Ninety poppies.  Ninety!  Where am I going to put ninety poppies?!?  If they survive, that is.  Tiny seedlings don't like having roots disturbed.  Possibly, this relocation will kill every single one.  But I had to take the chance.  It was a sunny Sunday afternoon, birds singing cheerfully and Claudia rubbing against my ankles.  I consider it a pleasant hour well-spent.  

I've also spent time with my ailing plants, like this nasturtium, which got singed in the heat within its plastic container.  Will it survive?  Maybe, but I have to give it a chance to recover.


If it does thrive, these will be gracing my bud vases all summer long...so I had to try!

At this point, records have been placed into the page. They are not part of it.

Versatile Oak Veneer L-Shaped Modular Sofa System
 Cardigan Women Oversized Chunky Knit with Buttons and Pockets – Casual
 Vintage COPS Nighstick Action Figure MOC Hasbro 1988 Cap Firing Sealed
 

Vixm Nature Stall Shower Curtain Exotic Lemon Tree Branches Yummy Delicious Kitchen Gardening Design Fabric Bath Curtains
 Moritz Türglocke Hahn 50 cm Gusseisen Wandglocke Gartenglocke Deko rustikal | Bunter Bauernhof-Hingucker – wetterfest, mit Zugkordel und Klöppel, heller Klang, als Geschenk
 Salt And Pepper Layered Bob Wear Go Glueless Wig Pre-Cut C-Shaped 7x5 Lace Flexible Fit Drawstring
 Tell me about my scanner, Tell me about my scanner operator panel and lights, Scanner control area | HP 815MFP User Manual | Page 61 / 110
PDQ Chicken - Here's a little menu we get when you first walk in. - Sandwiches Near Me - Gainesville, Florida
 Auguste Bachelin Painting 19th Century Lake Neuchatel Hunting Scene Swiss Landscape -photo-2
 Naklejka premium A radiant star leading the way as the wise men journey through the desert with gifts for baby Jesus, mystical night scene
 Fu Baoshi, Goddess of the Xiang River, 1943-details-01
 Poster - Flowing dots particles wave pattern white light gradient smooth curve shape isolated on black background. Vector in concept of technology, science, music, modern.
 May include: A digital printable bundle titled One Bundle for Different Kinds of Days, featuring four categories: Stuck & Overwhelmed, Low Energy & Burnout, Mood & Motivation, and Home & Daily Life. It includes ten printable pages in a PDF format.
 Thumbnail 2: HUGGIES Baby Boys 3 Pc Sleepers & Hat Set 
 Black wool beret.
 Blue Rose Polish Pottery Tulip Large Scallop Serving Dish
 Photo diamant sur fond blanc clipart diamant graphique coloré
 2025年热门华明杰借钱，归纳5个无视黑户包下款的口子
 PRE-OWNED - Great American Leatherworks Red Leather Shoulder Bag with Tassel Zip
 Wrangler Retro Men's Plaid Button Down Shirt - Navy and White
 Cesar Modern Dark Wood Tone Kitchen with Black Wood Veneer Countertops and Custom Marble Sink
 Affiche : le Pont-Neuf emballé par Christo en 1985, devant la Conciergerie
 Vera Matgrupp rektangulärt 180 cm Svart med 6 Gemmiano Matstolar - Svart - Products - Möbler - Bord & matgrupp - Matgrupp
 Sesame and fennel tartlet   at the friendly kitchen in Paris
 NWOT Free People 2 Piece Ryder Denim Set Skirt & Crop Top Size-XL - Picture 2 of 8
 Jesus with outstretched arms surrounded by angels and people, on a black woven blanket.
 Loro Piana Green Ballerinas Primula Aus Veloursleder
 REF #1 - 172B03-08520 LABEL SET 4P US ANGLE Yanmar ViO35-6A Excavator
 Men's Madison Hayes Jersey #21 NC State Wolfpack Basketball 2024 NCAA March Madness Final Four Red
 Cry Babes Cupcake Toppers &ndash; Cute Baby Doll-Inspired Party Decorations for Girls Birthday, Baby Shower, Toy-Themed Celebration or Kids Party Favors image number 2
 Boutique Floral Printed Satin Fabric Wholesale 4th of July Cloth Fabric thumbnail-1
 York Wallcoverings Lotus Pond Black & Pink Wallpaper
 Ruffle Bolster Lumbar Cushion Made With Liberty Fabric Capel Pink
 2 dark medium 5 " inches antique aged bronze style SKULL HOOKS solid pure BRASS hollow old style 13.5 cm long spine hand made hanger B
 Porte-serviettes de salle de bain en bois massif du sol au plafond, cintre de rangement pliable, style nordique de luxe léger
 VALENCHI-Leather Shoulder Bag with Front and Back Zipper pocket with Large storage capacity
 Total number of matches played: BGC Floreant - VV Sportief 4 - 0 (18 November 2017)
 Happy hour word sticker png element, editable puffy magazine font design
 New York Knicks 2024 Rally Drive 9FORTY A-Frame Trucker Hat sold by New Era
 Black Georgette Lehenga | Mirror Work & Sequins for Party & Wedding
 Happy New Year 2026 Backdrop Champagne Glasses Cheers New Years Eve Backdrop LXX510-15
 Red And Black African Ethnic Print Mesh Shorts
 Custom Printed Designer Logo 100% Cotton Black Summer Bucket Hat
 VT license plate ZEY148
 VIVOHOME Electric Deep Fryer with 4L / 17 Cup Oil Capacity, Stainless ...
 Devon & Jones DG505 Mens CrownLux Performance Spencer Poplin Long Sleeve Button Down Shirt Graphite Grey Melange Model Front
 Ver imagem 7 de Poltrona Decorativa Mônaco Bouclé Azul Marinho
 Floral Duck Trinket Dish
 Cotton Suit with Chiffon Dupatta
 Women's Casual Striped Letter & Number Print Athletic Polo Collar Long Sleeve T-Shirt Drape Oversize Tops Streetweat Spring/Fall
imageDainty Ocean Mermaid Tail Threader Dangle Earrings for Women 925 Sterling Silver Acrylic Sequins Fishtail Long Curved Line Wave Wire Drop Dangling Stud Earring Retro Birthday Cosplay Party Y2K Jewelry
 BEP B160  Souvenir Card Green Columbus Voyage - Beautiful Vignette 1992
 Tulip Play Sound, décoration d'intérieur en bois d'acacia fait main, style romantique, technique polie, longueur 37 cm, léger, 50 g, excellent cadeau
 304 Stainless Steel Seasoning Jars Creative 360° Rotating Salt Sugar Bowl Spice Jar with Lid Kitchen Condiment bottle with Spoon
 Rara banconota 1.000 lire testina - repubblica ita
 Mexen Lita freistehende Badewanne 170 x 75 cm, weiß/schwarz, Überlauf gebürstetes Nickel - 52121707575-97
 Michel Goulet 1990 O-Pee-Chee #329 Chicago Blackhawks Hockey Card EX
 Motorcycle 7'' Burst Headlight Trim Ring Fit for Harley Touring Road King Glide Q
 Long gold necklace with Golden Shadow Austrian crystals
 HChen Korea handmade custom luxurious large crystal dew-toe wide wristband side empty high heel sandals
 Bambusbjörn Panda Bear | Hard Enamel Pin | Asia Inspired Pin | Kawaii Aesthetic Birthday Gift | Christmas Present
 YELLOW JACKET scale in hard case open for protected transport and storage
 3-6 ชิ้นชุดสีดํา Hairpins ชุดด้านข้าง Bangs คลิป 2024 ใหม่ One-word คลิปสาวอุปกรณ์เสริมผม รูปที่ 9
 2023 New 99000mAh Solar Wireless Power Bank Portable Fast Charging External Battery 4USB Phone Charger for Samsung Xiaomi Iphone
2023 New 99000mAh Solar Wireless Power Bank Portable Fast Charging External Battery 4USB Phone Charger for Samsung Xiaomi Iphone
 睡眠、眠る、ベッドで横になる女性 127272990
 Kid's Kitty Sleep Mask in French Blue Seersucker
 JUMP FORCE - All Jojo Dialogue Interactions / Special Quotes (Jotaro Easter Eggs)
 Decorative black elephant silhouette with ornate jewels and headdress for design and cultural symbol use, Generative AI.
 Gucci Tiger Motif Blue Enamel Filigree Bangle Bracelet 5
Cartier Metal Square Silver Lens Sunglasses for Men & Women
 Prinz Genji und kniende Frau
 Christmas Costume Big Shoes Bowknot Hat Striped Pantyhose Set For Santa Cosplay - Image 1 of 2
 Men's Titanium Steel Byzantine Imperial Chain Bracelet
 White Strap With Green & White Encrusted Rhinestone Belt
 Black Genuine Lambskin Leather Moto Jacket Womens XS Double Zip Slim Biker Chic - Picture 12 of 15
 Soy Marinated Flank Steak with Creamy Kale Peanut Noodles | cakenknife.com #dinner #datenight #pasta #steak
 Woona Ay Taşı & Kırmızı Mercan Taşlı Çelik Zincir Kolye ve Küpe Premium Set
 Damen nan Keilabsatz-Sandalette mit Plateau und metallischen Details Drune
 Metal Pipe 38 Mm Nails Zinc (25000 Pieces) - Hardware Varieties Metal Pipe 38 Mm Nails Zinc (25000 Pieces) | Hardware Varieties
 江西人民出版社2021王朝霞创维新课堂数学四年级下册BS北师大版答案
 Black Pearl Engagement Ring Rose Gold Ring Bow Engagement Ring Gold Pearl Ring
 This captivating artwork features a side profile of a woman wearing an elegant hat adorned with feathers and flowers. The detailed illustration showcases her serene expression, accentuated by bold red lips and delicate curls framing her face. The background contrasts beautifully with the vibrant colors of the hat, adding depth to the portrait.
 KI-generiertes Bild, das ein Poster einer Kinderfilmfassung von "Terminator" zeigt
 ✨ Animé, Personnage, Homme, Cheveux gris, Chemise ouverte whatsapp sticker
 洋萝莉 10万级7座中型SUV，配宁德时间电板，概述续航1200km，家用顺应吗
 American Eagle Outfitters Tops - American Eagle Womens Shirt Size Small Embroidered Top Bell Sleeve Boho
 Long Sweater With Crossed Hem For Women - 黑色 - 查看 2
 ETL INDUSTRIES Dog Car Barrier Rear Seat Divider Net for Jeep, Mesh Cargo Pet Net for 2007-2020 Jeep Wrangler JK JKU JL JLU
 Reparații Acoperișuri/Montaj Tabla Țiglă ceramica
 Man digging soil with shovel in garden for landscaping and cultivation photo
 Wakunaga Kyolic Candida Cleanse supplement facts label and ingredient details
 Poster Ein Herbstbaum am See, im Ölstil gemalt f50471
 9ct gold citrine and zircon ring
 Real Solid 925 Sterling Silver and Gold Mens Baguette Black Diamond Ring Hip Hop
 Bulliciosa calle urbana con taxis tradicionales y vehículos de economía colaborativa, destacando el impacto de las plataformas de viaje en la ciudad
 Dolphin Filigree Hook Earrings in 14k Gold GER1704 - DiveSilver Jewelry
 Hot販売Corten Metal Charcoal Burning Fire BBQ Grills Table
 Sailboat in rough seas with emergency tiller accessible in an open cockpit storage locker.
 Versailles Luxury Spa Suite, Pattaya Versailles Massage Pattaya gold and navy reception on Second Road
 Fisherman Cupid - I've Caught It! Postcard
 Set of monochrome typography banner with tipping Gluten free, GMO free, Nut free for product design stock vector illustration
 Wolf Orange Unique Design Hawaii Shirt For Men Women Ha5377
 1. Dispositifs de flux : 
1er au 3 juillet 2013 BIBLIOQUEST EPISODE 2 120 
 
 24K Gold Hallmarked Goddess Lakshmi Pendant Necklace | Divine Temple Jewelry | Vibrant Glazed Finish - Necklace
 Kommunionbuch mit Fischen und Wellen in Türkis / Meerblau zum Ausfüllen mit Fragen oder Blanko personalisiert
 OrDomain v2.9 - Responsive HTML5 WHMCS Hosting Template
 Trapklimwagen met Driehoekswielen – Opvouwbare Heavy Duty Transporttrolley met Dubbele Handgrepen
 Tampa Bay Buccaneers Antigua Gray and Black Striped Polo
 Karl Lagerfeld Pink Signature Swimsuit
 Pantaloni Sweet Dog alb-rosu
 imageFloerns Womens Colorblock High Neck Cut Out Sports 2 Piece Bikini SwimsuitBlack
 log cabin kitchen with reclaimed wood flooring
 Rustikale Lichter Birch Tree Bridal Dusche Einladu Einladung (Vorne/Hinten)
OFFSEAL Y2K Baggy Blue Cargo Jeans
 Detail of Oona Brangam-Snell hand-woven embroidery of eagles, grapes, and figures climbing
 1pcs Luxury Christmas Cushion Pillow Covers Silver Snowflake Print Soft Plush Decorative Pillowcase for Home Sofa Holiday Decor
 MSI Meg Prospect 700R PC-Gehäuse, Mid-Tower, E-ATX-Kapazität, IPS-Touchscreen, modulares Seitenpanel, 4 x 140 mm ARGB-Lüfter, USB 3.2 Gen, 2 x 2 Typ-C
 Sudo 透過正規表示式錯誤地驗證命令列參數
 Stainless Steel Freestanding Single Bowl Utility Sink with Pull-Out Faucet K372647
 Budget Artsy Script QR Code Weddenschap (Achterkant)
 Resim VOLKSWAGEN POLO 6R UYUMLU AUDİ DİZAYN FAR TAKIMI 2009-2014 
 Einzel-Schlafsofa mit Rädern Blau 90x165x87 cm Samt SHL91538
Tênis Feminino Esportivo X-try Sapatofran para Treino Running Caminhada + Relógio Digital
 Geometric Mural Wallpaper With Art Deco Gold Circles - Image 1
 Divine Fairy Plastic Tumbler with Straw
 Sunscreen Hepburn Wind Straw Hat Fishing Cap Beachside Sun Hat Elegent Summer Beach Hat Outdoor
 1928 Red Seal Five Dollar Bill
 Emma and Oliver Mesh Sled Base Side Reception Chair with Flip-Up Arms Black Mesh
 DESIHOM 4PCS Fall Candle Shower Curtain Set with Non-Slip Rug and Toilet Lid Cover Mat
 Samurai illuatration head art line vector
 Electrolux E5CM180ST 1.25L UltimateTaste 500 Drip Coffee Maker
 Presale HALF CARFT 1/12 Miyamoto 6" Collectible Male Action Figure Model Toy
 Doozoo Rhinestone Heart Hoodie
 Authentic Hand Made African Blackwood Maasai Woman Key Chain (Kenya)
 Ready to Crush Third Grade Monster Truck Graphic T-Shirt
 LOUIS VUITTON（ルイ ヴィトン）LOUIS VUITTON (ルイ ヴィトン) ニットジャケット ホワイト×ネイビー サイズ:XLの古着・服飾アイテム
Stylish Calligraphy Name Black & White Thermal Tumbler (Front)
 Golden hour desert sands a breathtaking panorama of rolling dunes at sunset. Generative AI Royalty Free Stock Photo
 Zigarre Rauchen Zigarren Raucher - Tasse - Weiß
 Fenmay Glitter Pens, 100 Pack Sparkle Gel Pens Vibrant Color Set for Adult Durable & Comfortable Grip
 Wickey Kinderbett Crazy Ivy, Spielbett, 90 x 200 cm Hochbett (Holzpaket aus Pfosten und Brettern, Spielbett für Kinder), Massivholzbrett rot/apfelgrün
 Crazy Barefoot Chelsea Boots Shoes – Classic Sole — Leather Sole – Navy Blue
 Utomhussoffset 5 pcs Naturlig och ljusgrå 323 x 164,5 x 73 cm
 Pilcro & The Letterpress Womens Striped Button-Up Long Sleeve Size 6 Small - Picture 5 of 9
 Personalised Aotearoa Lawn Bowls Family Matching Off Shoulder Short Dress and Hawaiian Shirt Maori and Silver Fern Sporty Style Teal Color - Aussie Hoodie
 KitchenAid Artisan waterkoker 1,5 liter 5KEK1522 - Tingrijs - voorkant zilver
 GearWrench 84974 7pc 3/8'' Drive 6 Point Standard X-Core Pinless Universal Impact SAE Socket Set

photo courtesy of Baker Creek

I made every possible mistake with my dahlia tubers this fall.  I put them away while still a bit moist, so many grew mold.  Most shriveled.  I left them in our freezing cold garage instead of our moderately cold attic.  Still, I decided not to toss them.  Taking a chance, I brought them inside and let them acclimate to the warmer temperatures.  And...they started to bud out.  


I split them and potted them up, and now I've got close to 25 tubers throwing up sprouts, which I'll chop off and plant. 


I'll have a nice dahlia patch this year, I hope!  Last year, despite being planted late, left in pots too long, and positively starved of water and nutrients, they were beautiful.


Although I'm having a persistent and irritating problem with seedling droop...


...I'm learning a lot, and very optimistic about the future of my little (?) cutting garden. 

Have a great week!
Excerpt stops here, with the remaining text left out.